Woot! Maerose here! 😉 We’re currently celebrating the 17.mai (or 17th of May), Norway’s Constitution Day. It’s very hot outside, so I bet the Norwegians and aspiring to be Norwegians are all having a great time, parading and feasting on waffles, sausages and alcohol in their bunad (national dress). I myself went out to see how they celebrate, but I only stayed in Drammen with the bf. I guess it’s a little bit less fancy than the celebration in Oslo, where the royalties are.
I’m impressed with the celebration. Everyone had flags, and there was a temporary amusement park built in one of the schools in town. I was pampered with sweets, and I even got two cute stuffed toys, but after about a couple of hours, we decided to go back home and relax, as tomorrow is another working day! 😉
After two episodes of The Band of Brothers, I decided to make the day more productive. So here I am, writing about the last leg of my trip to Brussels, the “battleground of Europe” and the comic city. If you missed the first entries:
- Bedazzling Belgium and the Big Bang theory
- Bedazzling Belgium: Of waffles and fries and the Belgian Beer Weekend
- Bedazzling Belgium: A Walking Tour Around the Capital of Europe
- Bedazzling Belgium: Of royal palaces and bizarre buildings
So, why is Brussels dubbed as the comic city?

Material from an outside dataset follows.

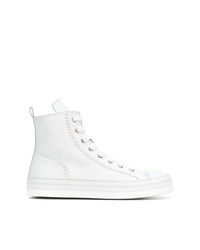 weiße hohe Sneakers aus Leder von Ann Demeulemeester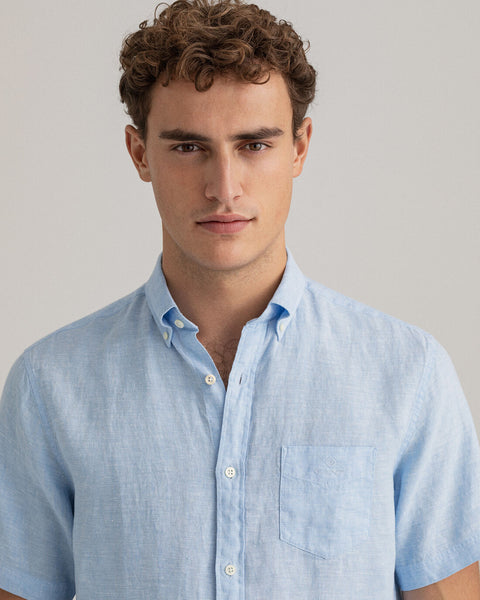 GANT 3012421-468 Camicia di lino maniche corte regular fit CAPRI BLUE (celeste)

Well, it is home to many famous comic strips, such as The Adventures of Tintin by Hergé (Georges Remi (1907–1983)) and The Smurfs by Peyo (Pierre Culliford (1928-1992)).
The city also has a route which features 30 murals on buildings and walls scattered all over the city! Well, my host Jos and I didn’t really followed the route due to lack of time, but we managed to celebrate with comic enthusiasts during the 5th Annual Comic Strip Festival.
The festival is held for 2-3 days, usually on a weekend. During our visit, we had fun going through long bazaar tents with comic book sales, book signings, conferences, exhibitions, and workshops among others! There were also huge fans wearing their favorite comic hero costumes.
I grew up liking comic books, but I’m more familiar with Filipino comic characters and storylines. Nevertheless, I know international characters as well, so I did not feel out of place at the festival grounds. The Comic Strip Fest is usually culminated with the Balloon’s Day Parade! Here are some shots I’ve taken:
The weather was gloomy during our visit, but the colorful parade really made it lively! It was also overwhelming to see comic book fans unite and dress up and be merry. The Belgians and visitor tourists did not hesitate to smile back and/or greet me, and I think it was very pleasant. My host was also a comic book fan, so he was so excited to join the people and celebrate the success of comic books in Belgium. By the way, I think it’s worthwhile to mention the comics boom started during and after the World Wars, when the Belgians (and the others parts of Europe) hopelessly turned to escapism.
If you want to read more about the Comic Book Festival, especially when it will be held this 2016, visit: http://visitbrussels.be/bitc/BE_en/comics-festival/content/27323/brussels-hosts-the-5th-comic-strip-festival.do
Sånn. 🙂 I really enjoyed my visit to the small country of Belgium. It was a memorable weekend, especially that it was the first time I met someone (who I first met online) in person. It was both terrifying and fulfilling at the same time, especially when your positive judgment about a person turns out to be true. So all thanks to my friend Jos for making the trip possible. 😉 And oh, we also went across the border and visited the southern part of the Netherlands by car. More on that on my next entries.
Before I flew back to Denmark, we caught these children singing on stage set by the train station. How lovely was that?
There you have it. I wish I could visit Belgium again and see more of the country. Cheers to that! And cheers to Norway on its Constitution Day!